BEGIN Material to process

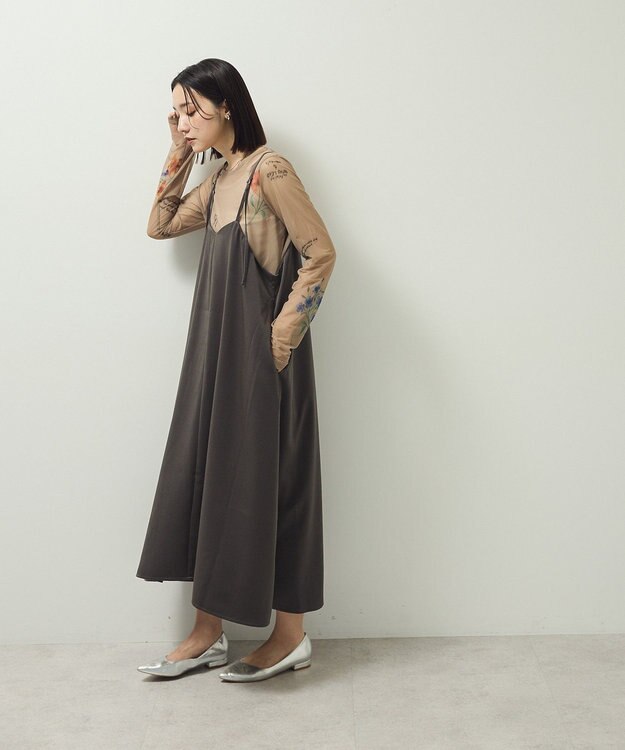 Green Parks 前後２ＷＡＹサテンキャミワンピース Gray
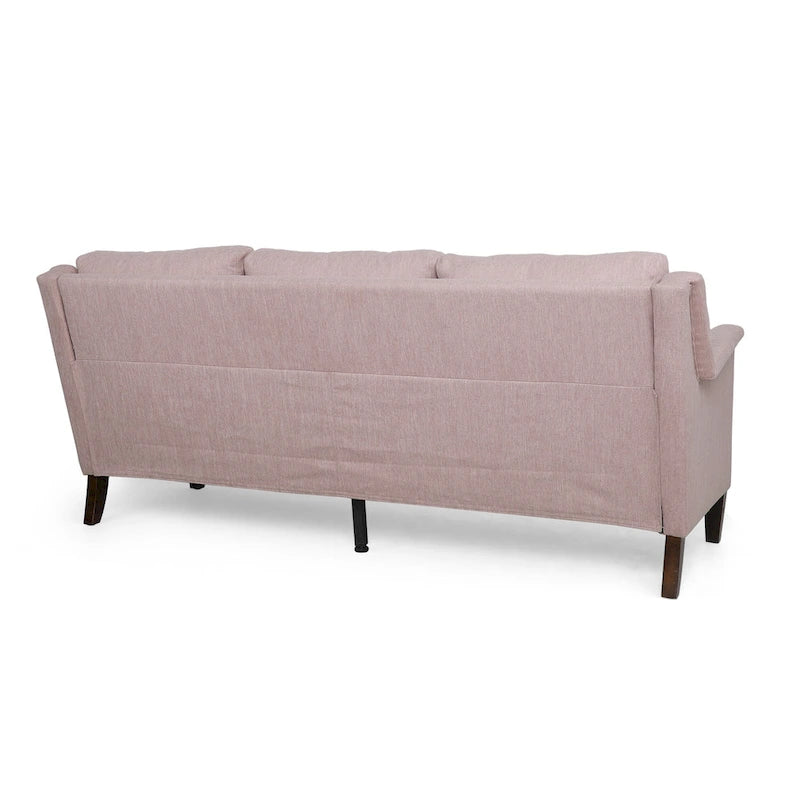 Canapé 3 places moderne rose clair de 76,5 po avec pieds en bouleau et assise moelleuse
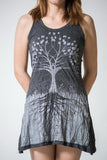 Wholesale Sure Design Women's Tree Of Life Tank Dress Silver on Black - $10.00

END Material to process
BEGIN Material to process

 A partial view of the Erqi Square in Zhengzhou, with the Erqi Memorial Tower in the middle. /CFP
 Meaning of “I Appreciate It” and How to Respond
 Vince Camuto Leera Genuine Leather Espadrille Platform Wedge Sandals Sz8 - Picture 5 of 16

END Material to process

> _Task prompt_
Scan the listing above for the line that has "A partial view", then copy exactly from that line through the line that has "Vince Camuto Leera".

> _Exercise solution_
 A partial view of the Erqi Square in Zhengzhou, with the Erqi Memorial Tower in the middle. /CFP
 Meaning of “I Appreciate It” and How to Respond
 Vince Camuto Leera Genuine Leather Espadrille Platform Wedge Sandals Sz8 - Picture 5 of 16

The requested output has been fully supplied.